### WHAT NEEDS TO BE DONE
Taking only the lines of the data below from the line with "Here's the collection." to the line with "Guys, today I", ends included, write them out exactly and without pictures.

### DATA IN THIS EXERCISE
——

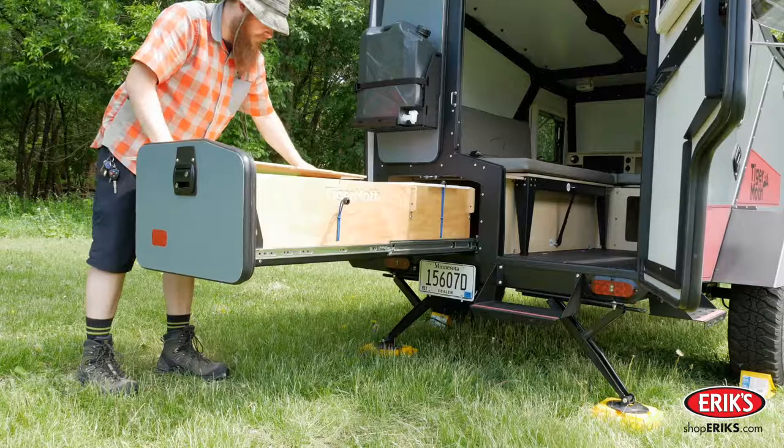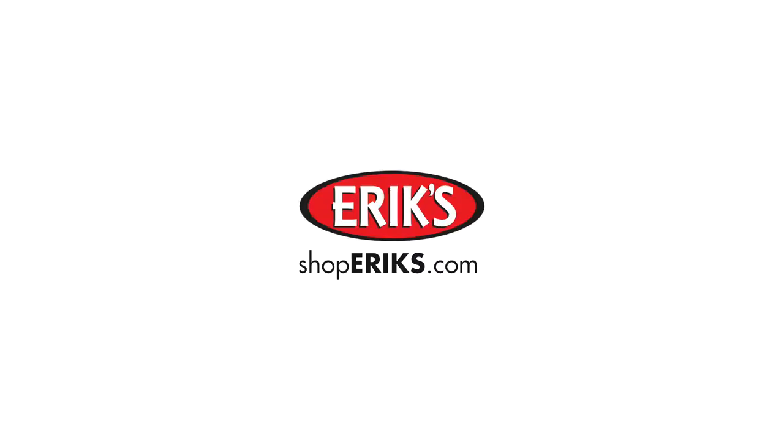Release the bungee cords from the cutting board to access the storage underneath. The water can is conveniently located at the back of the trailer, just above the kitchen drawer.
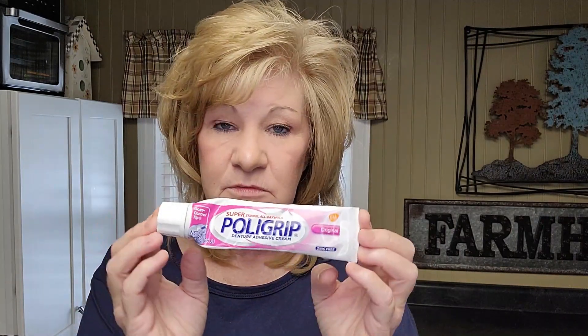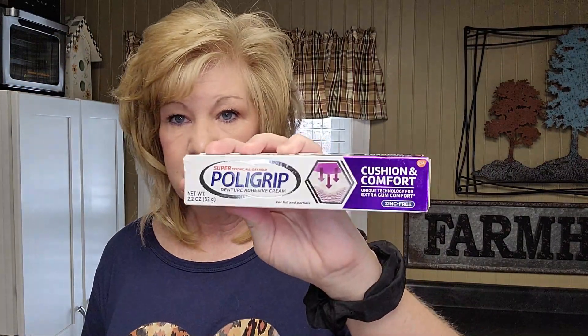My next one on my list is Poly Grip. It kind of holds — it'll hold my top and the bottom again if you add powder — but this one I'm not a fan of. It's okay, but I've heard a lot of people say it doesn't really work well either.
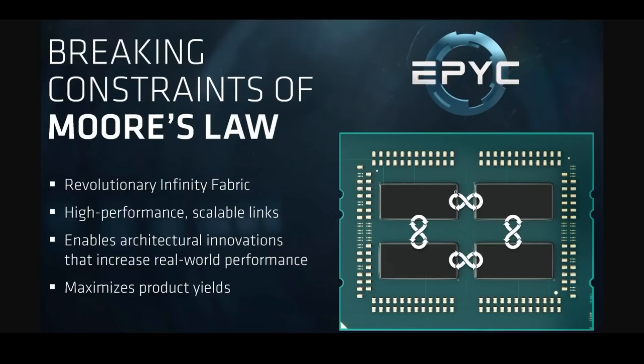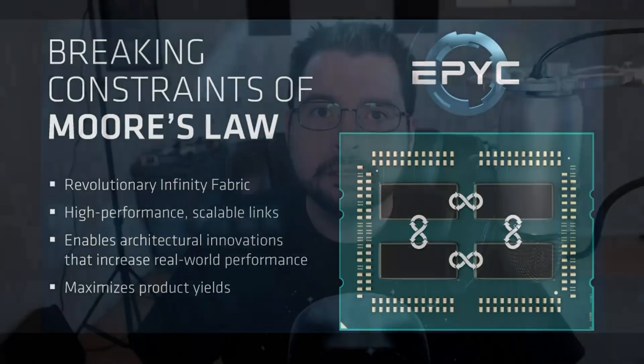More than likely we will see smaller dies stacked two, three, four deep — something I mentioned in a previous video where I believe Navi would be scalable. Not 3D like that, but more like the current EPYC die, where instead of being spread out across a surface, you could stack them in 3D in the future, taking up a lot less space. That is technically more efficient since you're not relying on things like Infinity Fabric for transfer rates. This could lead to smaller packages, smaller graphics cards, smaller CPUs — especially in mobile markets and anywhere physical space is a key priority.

——

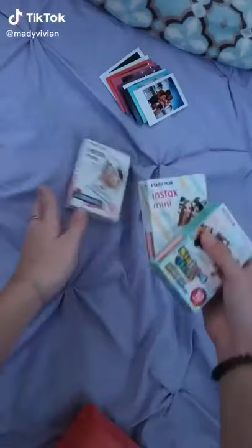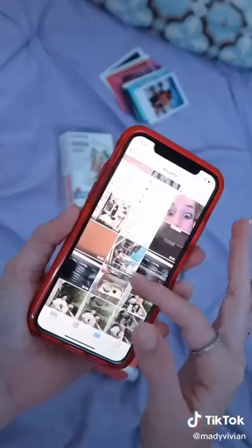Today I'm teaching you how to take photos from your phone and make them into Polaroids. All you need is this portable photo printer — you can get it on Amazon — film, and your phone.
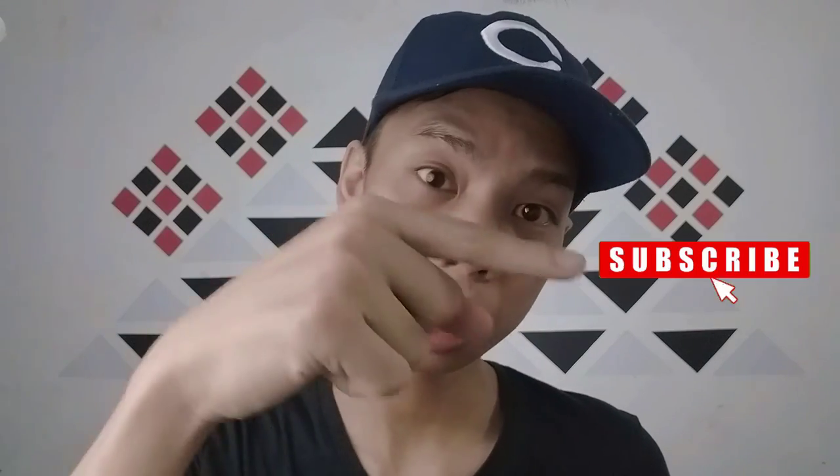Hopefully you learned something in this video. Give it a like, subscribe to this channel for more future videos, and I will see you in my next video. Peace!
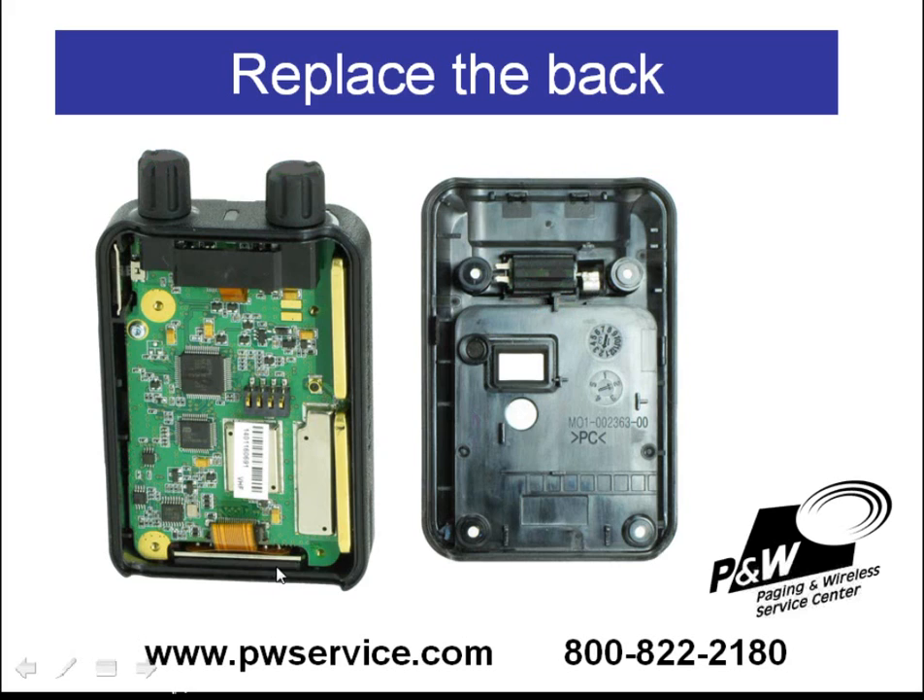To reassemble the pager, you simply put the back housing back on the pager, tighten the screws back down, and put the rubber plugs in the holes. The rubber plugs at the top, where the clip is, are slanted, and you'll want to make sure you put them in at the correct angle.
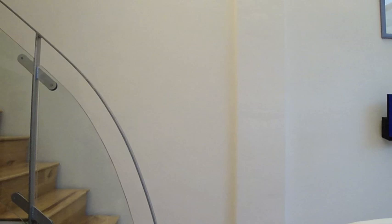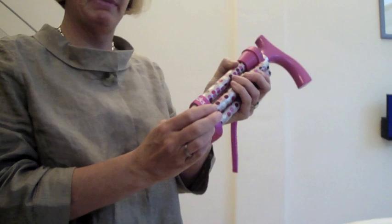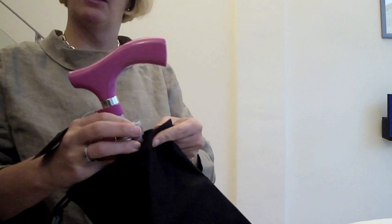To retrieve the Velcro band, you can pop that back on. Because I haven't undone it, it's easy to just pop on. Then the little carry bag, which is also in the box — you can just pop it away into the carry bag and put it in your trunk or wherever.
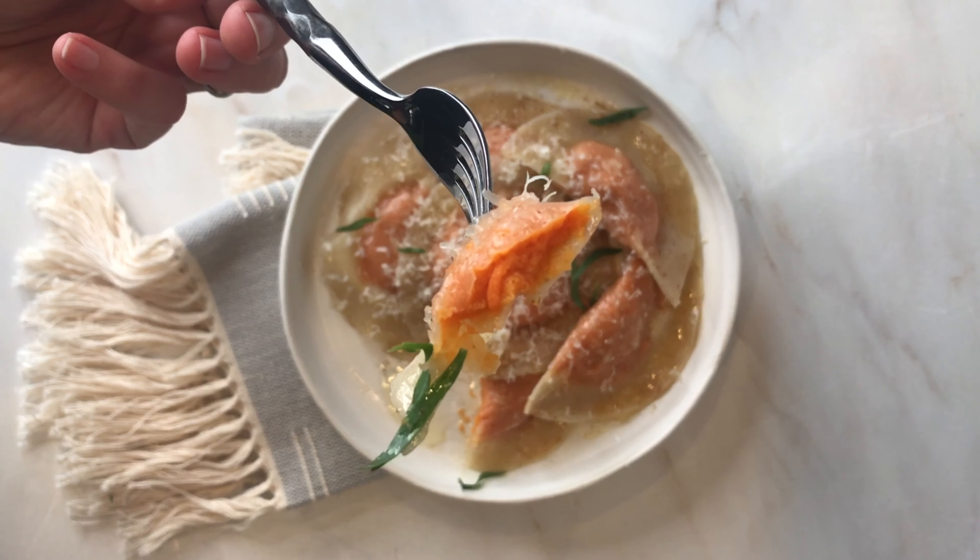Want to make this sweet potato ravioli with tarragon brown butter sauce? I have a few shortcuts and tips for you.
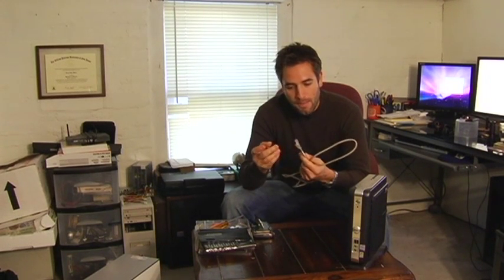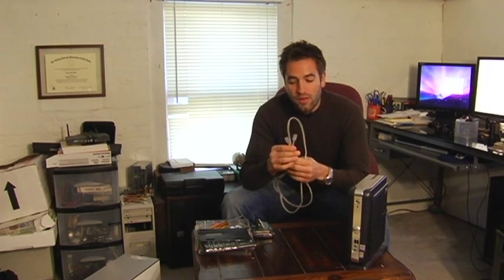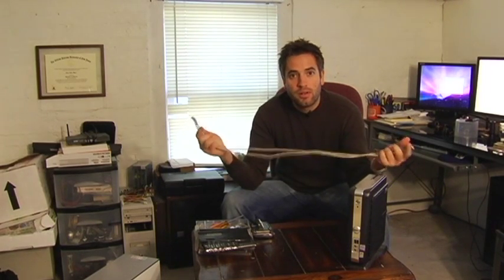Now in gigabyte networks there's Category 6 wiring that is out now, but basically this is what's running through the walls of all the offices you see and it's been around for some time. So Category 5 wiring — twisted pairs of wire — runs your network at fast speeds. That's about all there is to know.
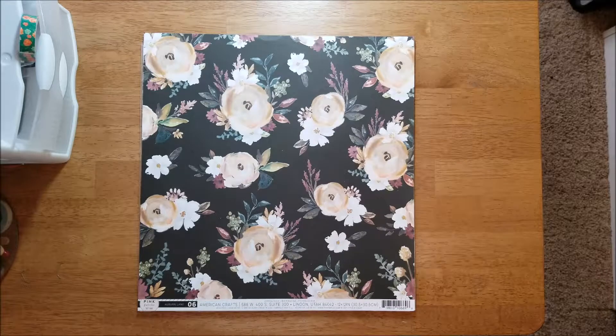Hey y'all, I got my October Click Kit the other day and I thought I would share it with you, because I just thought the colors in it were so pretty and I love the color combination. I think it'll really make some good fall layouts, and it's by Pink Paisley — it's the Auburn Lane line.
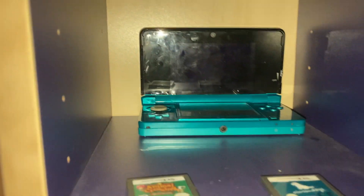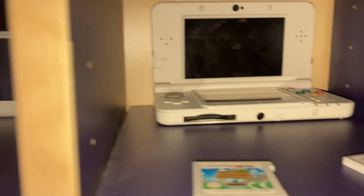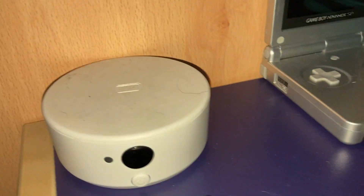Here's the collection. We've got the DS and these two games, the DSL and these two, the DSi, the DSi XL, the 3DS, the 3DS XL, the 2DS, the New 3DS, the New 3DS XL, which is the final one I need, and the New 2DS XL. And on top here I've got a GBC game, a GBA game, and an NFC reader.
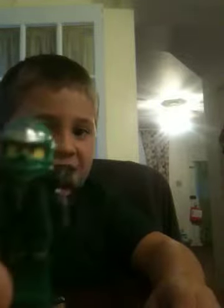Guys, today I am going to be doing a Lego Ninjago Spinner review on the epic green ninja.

——

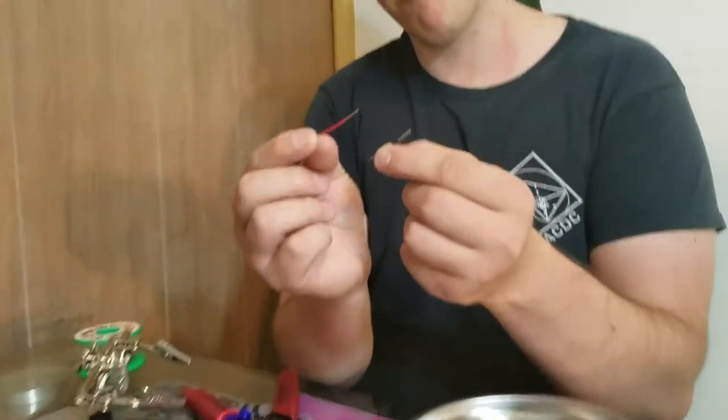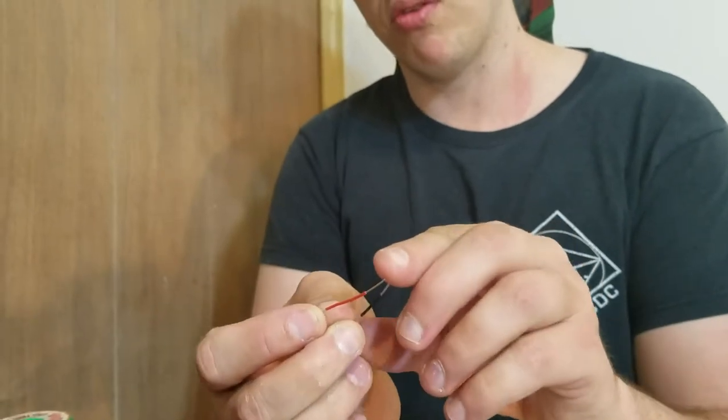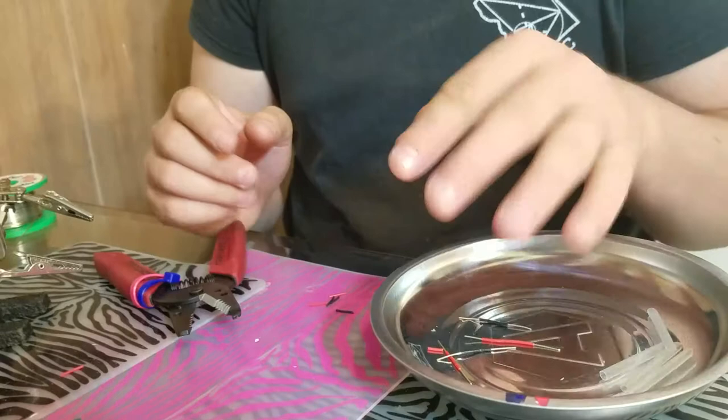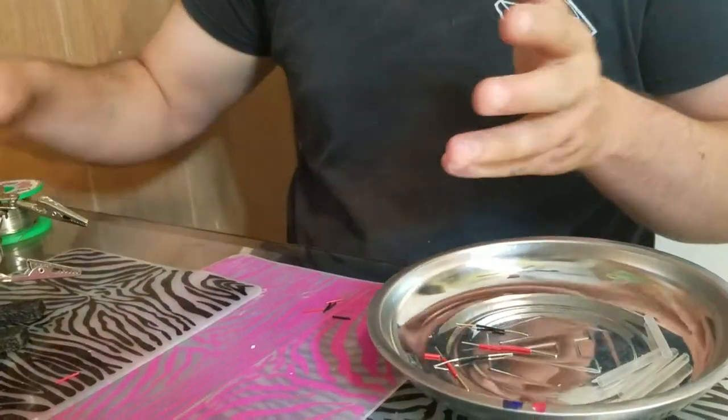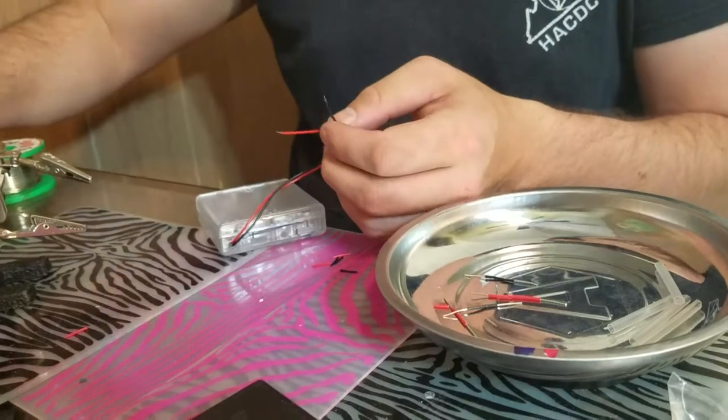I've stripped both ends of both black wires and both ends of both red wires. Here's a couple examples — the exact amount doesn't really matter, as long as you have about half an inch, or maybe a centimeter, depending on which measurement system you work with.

——

### ANSWER TO THIS PROBLEM
Here's the collection. We've got the DS and these two games, the DSL and these two, the DSi, the DSi XL, the 3DS, the 3DS XL, the 2DS, the New 3DS, the New 3DS XL, which is the final one I need, and the New 2DS XL. And on top here I've got a GBC game, a GBA game, and an NFC reader.
Guys, today I am going to be doing a Lego Ninjago Spinner review on the epic green ninja.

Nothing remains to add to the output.